■ **Data supplied**:
####

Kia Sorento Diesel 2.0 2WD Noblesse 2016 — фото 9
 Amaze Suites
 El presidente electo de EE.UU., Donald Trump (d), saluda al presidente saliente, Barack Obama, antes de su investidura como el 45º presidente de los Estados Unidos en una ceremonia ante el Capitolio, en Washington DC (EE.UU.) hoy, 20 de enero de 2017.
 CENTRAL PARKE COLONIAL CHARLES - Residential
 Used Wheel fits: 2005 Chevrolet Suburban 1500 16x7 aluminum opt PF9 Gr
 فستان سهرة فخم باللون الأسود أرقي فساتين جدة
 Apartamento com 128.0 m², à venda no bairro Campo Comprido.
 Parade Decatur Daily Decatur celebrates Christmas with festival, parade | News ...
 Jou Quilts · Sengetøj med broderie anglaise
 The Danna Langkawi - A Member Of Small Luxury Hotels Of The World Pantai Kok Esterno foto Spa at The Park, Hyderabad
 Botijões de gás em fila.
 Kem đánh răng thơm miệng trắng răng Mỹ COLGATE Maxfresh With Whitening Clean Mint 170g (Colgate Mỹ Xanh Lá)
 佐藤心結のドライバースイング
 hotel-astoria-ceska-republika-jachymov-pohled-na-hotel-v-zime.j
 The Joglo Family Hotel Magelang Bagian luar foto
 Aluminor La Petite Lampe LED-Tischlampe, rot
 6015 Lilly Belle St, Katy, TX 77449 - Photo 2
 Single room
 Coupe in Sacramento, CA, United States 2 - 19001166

####

■ **Your task**:
Set down the records once more, character for character.

■ **Answer section**:
Kia Sorento Diesel 2.0 2WD Noblesse 2016 — фото 9
 Amaze Suites
 El presidente electo de EE.UU., Donald Trump (d), saluda al presidente saliente, Barack Obama, antes de su investidura como el 45º presidente de los Estados Unidos en una ceremonia ante el Capitolio, en Washington DC (EE.UU.) hoy, 20 de enero de 2017.
 CENTRAL PARKE COLONIAL CHARLES - Residential
 Used Wheel fits: 2005 Chevrolet Suburban 1500 16x7 aluminum opt PF9 Gr
 فستان سهرة فخم باللون الأسود أرقي فساتين جدة
 Apartamento com 128.0 m², à venda no bairro Campo Comprido.
 Parade Decatur Daily Decatur celebrates Christmas with festival, parade | News ...
 Jou Quilts · Sengetøj med broderie anglaise
 The Danna Langkawi - A Member Of Small Luxury Hotels Of The World Pantai Kok Esterno foto Spa at The Park, Hyderabad
 Botijões de gás em fila.
 Kem đánh răng thơm miệng trắng răng Mỹ COLGATE Maxfresh With Whitening Clean Mint 170g (Colgate Mỹ Xanh Lá)
 佐藤心結のドライバースイング
 hotel-astoria-ceska-republika-jachymov-pohled-na-hotel-v-zime.j
 The Joglo Family Hotel Magelang Bagian luar foto
 Aluminor La Petite Lampe LED-Tischlampe, rot
 6015 Lilly Belle St, Katy, TX 77449 - Photo 2
 Single room
 Coupe in Sacramento, CA, United States 2 - 19001166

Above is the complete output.